Article paru dans Le Monde Magazine.

lundi 23 août 2010

Les oiseaux ne chantent pas la nuit

Cet été, Hollywood s’est installé à Denmark, dans le Maine. L’actrice Karen Black, qui vient de fêter ses 71 ans, a pris la route vers l’Est pour tourner dans son 145ième long métrage. Film indépendant réalisé par Jamie Hook, How Life Should Be (titre provisoire) traite de la réunion fortuite dans une forêt entre une mère (Karen Black), sa fille (Sarah Paul), sa petite fille (Ivy Hook). Notre équipe a assisté au tournage de ce film onirique, rythmé par les humeurs de la flamboyante Black, aussi précieuse que baroudeuse.

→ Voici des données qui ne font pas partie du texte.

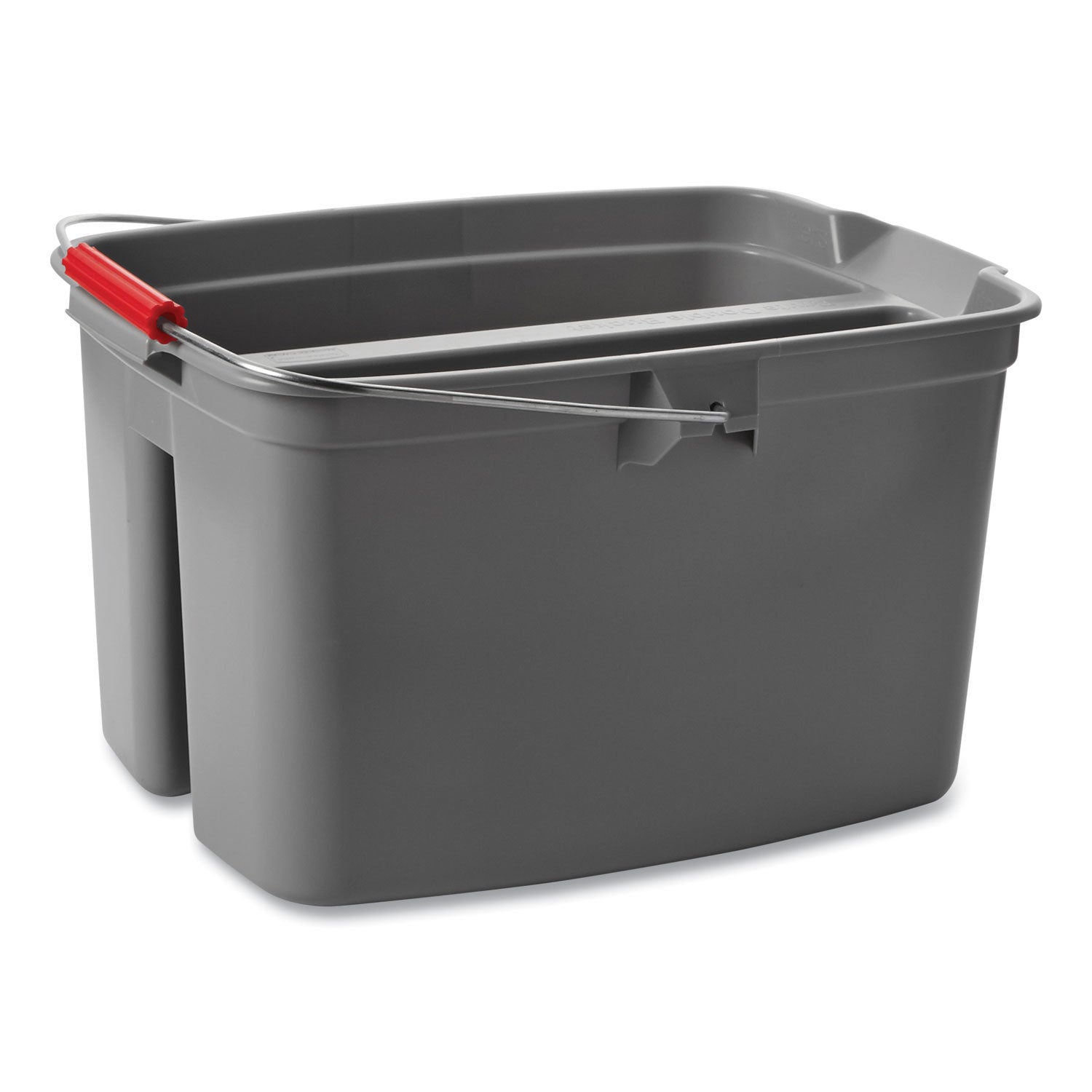 Rubbermaid Commercial 19 QT Double Pail - 4.75 gal - Dual Bucket, Handle - 17.8" x 18.1" - Plastic - Gray - 1 Each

Karen Black. Son nom résonne comme une légende du cinéma. Pourtant, certains – jeunes - Européens ont du mal à la situer. Si elle n’a pas décroché de rôles véritablement premiers, Karen Black a une filmographie à faire pâlir les divas d’Hollywood. Elle a tourné tous les ans, sans exception, depuis 1959. Parmi ceux qui l’ont dirigé, on compte : Francis Ford Copolla, Dennis Hopper, Arthur Miller, Alfred Hitchcock. Un coup d’œil à son visage si particulier (synthèse entre les traits de Lea Massari et de Fanny Ardant) nous rappelle qu’elle donne la réplique à Charlton Heston dans 747 en Péril, à Jack Nicholson dans Easy Rider et Five Easy Pieces (nomination aux Oscars), à Omar Sharif dans Crime et Passion, à Robert Redford dans le mythique Gasby le magnifique… Elle parfait le casting de Nashville de Robert Altman en 1976, en interprétant l’inoubliable chanson de country « Memphis », d’après sa propre composition. En 1979, elle tourne dans L’invasion des Piranhas qui fait d’elle une star (stigmatisée ?) du film d’horreur : La vengeance des monstres en 1987, La maison des milles morts en 2003, etc... Elle ne boude pas, non plus, les séries télés (apparition dans Deux flics à Miami en 1989 !).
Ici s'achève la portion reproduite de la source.